Defendant: Kameoka, Yoshio, Civilian interpreter, Osaka Area POW Camp
No. 11, arumi, Honshu, Japan
Docket No./ Date: 41/ June 16-26, 1946, Yokohama, Japan
Charge: Violation of the Laws and Customs of War: 1. Did willfully and
unlawfully commit cruel and brutal acts, atrocities and other offenses
against certain American PWs.
Specifications:
Verdict: 25 years CHL
Reviewing Authority's Recommendations: Accused beat, slapped, kicked,
and used various forms of extreme punishment such as standing at attention
for many hours on prisoners for infractions of disciplinary rules. In
an interrogation at Sugamo Prison on 13 February 1946, accused admitted
to beating a few prisoners for stealing food but he claimed that he "did
not beat them very hard."
Reviewing Authority: 1. Accused denied beating prisoners. 2. Accused
could not have beaten prisoners as they were returning from work because
he returned home by 6 p.m. and it took an hour to return home by streetcar.
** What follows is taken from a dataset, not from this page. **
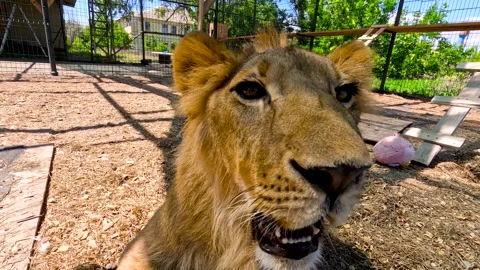 Portrait of a young lion in an aviary in a cat shelter Video stock 340065806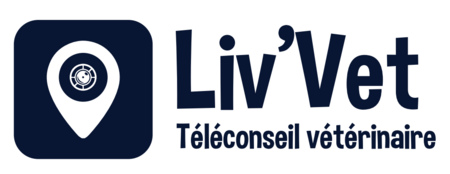 [Translate to Anglais:] LivVet, rencontrez un vétérinaire pour votre fidèle compagnon sans quitter le confort de votre camping sites et paysages !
3. Accused could not remember having admitting to beating a few prisoners
for stealing food while at Sugamo prison.
Prosecution Arguments: Record is legally sufficient to support the findings
of the commission. In regards to the highly contradictory affidavits in
specification 2, reviewer believes that "the manner in which the
specification is pleaded leaves the defense in a state of confusion and
in a position where it is impossible, under the evidence offered, to have
a fair chance to defend it properly." So, the finding of guilty is
disapproved. Not only in specification 2 but in regards to the affidavits
and the testimonies brought by the defense, the "entire charges against
the accused are not well supported." In regards to the sentence given,
the reviewer believes that the sentence to life imprisonment is unjust:
"it is not desirable to establish a rule for punishments in war crime
cases because of the difference in the type of crimes and the degree of
brutality in each case but it might be well to consider sentences in other
commission trials to show the injustice of the punishment in the present
case." Reviewer recommends 10 years confinement because "many
specifications of horrible atrocities...are conspicuously absent in the
present case" unlike the other cases where individuals have received
life sentences.
Defense Arguments: Paul E. Spurlock, Reviewer, Judge Advocate Section
Judge Advocate's Recommendations: Lt. Col. Browne's opinion in regards
to the reviewer's opinions(page 431):"Defense affidavits concerning
the Waggoner event did not name accused as participating but neither did
they purport to mention all involved. None excluded accused from the beatings...Minor
inconsistencies appear in affidavits in evidence with respect to each
specification. None appears of sufficient importance to destroy or weaken
the probative value of the subject matter. Experienced jurists regard
unimportant differences in testimony ordinarily as of no moment and often
as the earmark of evidence which has not been prearranged." In regards
to Spurlock's claim that the gravity of beatings was not there, he writes,
"yet the evidence to the beating alone revealed an aggravated offense
much worse than the ordinary type encountered in WAr Crimes Trials. The
accused, possessed a sadistic nature to which he gave full vent"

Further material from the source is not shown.